Just over a year ago, i was having weird chest pains—the kind that make a 37yr old dude think that all those carbs and deep-fried foods were coming back to haunt him in some sort of culinary karma setup. Heartburn—nope. Heart-attack—no. It was stress…the heaviness of the institution and the expectations that came with it. It was knowing subconsciously that I was compromising who i was for what I was doing. The moment—the very day that I told my boss that I was leaving, the heaviness lifted. Now, i feel this light-ness more and more each day that I’m out of the institution that I allowed to rob me of my joy, my personality, and my identity as a person. There are no more labels or titles. No unspoken expectations on me and my family enforced by spiritual guilt trips and people who cannot live up to the same expectations. I am simply left with the freedom to be. Being has replaced doing. No longer am i “doing ministry”—which is part of the problem. I am the ministry.
“How has your faith changed since you left?” an ex-coworker asked me. “Have you lost your faith?” a church-goer asked me outside of Starbucks on a Sunday afternoon. “Where are you attending?” numerous people have asked—then follow up with church suggestions that do not include the one they are attending. Never have I been asked why I left. I wonder why? Maybe they know the answer…or don’t want to know the answer. Or don’t care. Or “D—All of the Above”. Honestly, I am rediscovering my faith. Maybe I never really had it in the first place. Maybe I’m actually experiencing God-faith after settling for the cheap knock-off “church-faith”. Actually there’s no maybe about it. I lost my faith within the institution/system. I had to remove myself from it and go through a lot of pain to come to this point today. but that’s part of the process…part of faith…part of detoxing from my addiction.
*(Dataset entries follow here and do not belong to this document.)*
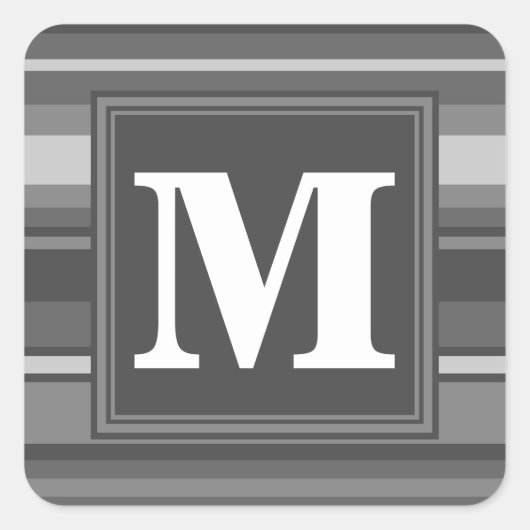 Monogram grijze strepen vierkante sticker (Voorkant)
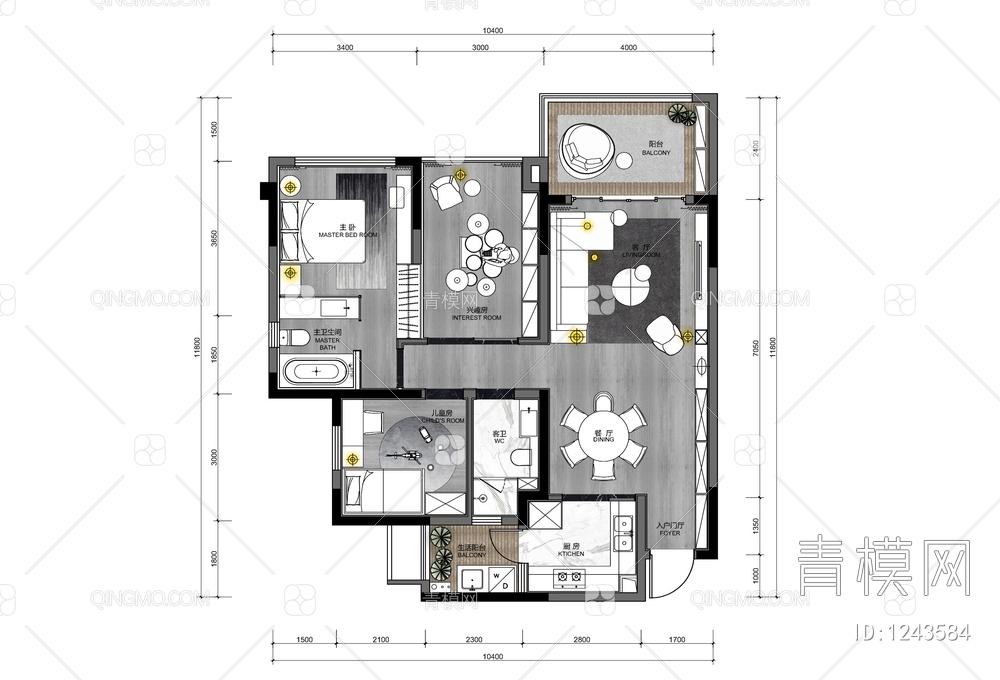 105㎡三居室样板房CAD施工图+物料表 家装 大平层 私宅 样板房 三居室【ID:1243584】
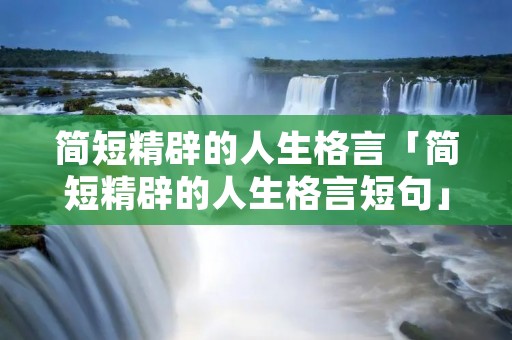 简短精辟的人生格言「简短精辟的人生格言短句」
This is why i celebrate 6months clean and sober. I was addicted to the approval of others who really didn’t care…to the thrill of being wanted (read “used/abused”)…to the fix of being a personal Jesus to those who don’t really want Jesus. Plus the constant meetings and purposeless activities/busyness wore me down to a numb mess in the fetal position in my office.
I’ve got a true friend who knows how to use the word “fuck” like a professional. Not like the dude who uses it as a comma in mundane conversation. But like an artist. It’s downright inspiring. Especially when he replaced my middle name with it. It’s shocking to most people, especially the people in our circles cuz their Jesus doesn’t cuss—especially the big cuss words! Certainly we can’t be effective ministers to people if we are a swearing lot of folk. Bono gets written off, church ladies gasp, and recovering church addicts like me feel reborn.
There’s way more i could type tonight but alas, i will save it for future posts. Thanks for reading.